The table at the bottom is the term document matrix. A matrix where the rows are the terms and the columns are the counts of those terms for each paper.
Observe that each of the PDF files has an identifier like this [[1]]
, [[2]]
and [[3]]
. Take a look at the number of characters each document contains.
Now, let’s get the number of words or terms
# how many terms per paper
sapply(papers, function(x) length(termFreq(x)) )
gupta2017.pdf quong1982.pdf ruslan2014.pdf
2274 1882 1207
Now, a summary table of our initial findings:
Docs gupta2017.pdf quong1982.pdf ruslan2014.pdf
Num Chars 58230 50343 27492
Terms 2274 1878 1207
We can see that the document with more content is gupta2017
, the second quong1982
, and the third, ruslan2014
. But we will find something interesting later.
Now that the papers corpus has been converted to a term document matrix, we could continue with finding the most frequent terms:
# findFreqTerms(papers.tdm, lowfreq = 50, highfreq = Inf)
findMostFreqTerms(papers.tdm)
$gupta2017.pdf
data forecast production potential forecasting technical
77 68 68 52 51 47
$quong1982.pdf
pressure solubility brine gas injection freon
38 32 31 27 25 21
$ruslan2014.pdf
reserves potential technical production will field
41 40 36 23 20 17
What is happening here is that even though “technical potential” is in the title of quong1982
, the paper is not strong in technical potential, per se.

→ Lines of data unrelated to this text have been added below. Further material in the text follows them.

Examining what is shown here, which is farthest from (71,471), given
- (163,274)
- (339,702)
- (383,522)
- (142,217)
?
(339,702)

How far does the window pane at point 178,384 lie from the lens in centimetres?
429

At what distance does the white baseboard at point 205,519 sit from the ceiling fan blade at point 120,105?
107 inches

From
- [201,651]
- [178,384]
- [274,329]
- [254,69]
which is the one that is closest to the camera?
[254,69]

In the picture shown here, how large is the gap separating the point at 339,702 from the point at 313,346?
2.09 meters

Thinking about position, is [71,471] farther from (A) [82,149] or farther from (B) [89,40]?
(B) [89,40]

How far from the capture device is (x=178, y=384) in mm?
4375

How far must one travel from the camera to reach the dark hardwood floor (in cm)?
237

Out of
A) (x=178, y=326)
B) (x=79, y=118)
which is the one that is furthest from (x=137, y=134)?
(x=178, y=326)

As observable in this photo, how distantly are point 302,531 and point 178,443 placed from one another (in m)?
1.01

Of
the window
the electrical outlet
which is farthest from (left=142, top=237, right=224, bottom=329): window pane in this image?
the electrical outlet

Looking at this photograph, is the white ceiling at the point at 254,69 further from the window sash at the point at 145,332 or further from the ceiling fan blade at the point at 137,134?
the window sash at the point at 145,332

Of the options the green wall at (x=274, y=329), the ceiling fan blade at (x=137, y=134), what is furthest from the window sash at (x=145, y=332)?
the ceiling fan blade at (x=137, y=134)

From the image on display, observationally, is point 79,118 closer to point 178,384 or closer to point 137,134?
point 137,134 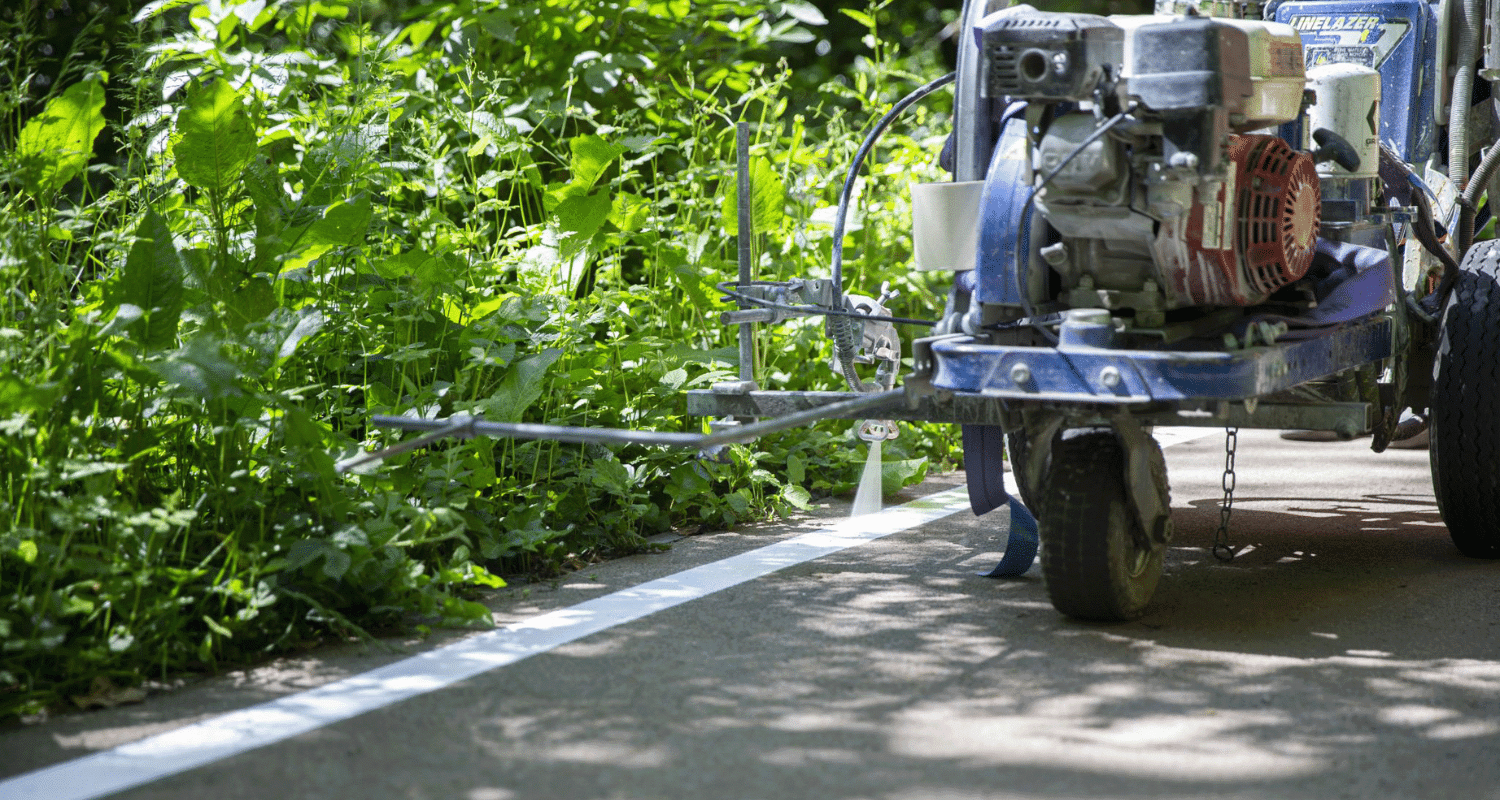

The other two papers are stronger.
Observe the frequency of the terms. What is happening here is that even though “technical potential” is found in the title of the paper quong1982, the paper is not rich in technical potential terms. The other two papers are stronger. We will put aside quong1982
and analyze gupta2017
and ruslan2014
.
Just to be sure, one more time let’s find the score of all the papers given the terms “technical” and “potential”.
tm_term_score(papers.tdm, "technical")
tm_term_score(papers.tdm, "potential")
gupta2017.pdf quong1982.pdf ruslan2014.pdf
47 4 36
gupta2017.pdf quong1982.pdf ruslan2014.pdf
52 7 40
Well, that confirms our initial analysis; quong1982
is not the best candidate paper for studying “technical potential”.
What we do here is building a dataframe of terms vs. frequency at which each occur.
library(tibble)
# frequency analysis of gupta2017
theFile <- "gupta2017.pdf"
paper <- Corpus(URISource(theFile),
readerControl = list(reader = Rpdf))
paper <- tm_map(paper, content_transformer(function(x) iconv(enc2utf8(x),
sub = "byte")))
paper.tdm <- TermDocumentMatrix(paper,
control = list(removePunctuation = TRUE,
stopwords = TRUE,
removeNumbers = TRUE,
tolower = TRUE
#stemming = TRUE
))
findFreqTerms(paper.tdm, lowfreq = 50, highfreq = Inf)
findMostFreqTerms(paper.tdm)
tdm.matrix <- as.matrix(paper.tdm)
tdm.rs <- sort(rowSums(tdm.matrix), decreasing = TRUE)
tdm.df1 <- tibble(word = names(tdm.rs), freq = tdm.rs)
tdm.df1
[1] "data" "forecast" "forecasting" "potential" "production"
$gupta2017.pdf
data forecast production potential forecasting technical
77 68 68 52 51 47
# A tibble: 1,823 x 2
word freq
<chr> <dbl>
1 data 77
2 forecast 68
3 production 68
4 potential 52
5 forecasting 51
6 technical 47
7 fields 42
8 model 41
9 well 40
10 based 36
# ... with 1,813 more rows
Now, for the second paper:
# frequency analysis of ruslan2014
theFile <- "ruslan2014.pdf"
paper <- Corpus(URISource(theFile),
readerControl = list(reader = Rpdf))
paper <- tm_map(paper, content_transformer(function(x) iconv(enc2utf8(x),
sub = "byte")))
paper.tdm <- TermDocumentMatrix(paper,
control = list(removePunctuation = TRUE,
stopwords = TRUE,
tolower = TRUE,
removeNumbers = TRUE
#stemming = TRUE
))
findFreqTerms(paper.tdm, lowfreq = 50, highfreq = Inf)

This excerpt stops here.